Contents
- GrouPS
- Example of createSampleFunc
- evaluateFunc
- initialM
- Check some parameters
- Initialization
- Compute ditsribution of M
- Compute Distribution of W
- Compute Distribution of Z
- Distribution of Tau
- Compute alpha Distribution
- Check for convergence
- Very simple convergence validation
- Evaluate the current solution
- Print the current iteraton
function [M,W,tau,alpha,rewardOverTime ] = GrouPS(bestSize,newSamples, sampleSize, nmbrGroups, DimPerGroup, latentDim, featureDim, Time, createSamplesFunc, evaluateFunc, initialM, maxNumberOfIterations, maxNumberOfInnerIterations, sigma2_M, antiConvergenceFactor, tauA, tauB, alphaA, alphaB, initialTau, initialAlpha)
GrouPS
The Group Factor Policy Search algorithm for the determination of the parameter matrix in policy search problems with fixed horizons.

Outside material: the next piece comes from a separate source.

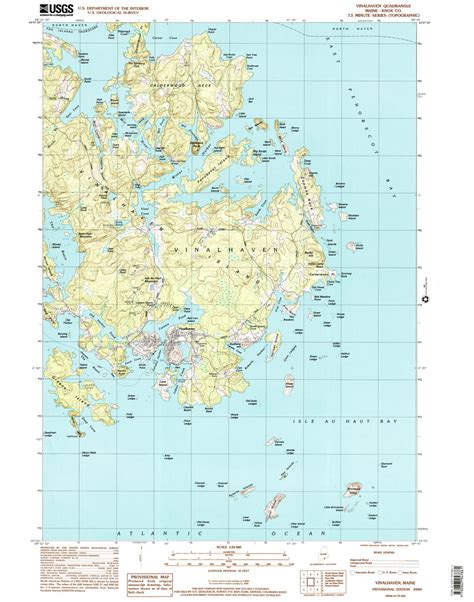 Vinalhaven Maine 2000 2001 Usgs Old Topo Map Reprint 7x7 Me Quad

- bestSize is the number of samples which are selected for computation based on their reward.
- newSamples is the number of samples created in each iteration based on the current model. The same amount of samples is previously removed from the current set of samples.
- sampleSize is the number of samples in the whole sample set.
- nmbrGroups is the amount of groups.
- DimPerGroup is a vector consisting of the number of dimensions for each group. The first element defines the number of dimensions for the first group, the last element the number of dimensions for the last group.
- latentDim is the number of latent dimensions.
- featureDim is the number of basic functions in the feature vector, i.e. the number of rows of the feature vector.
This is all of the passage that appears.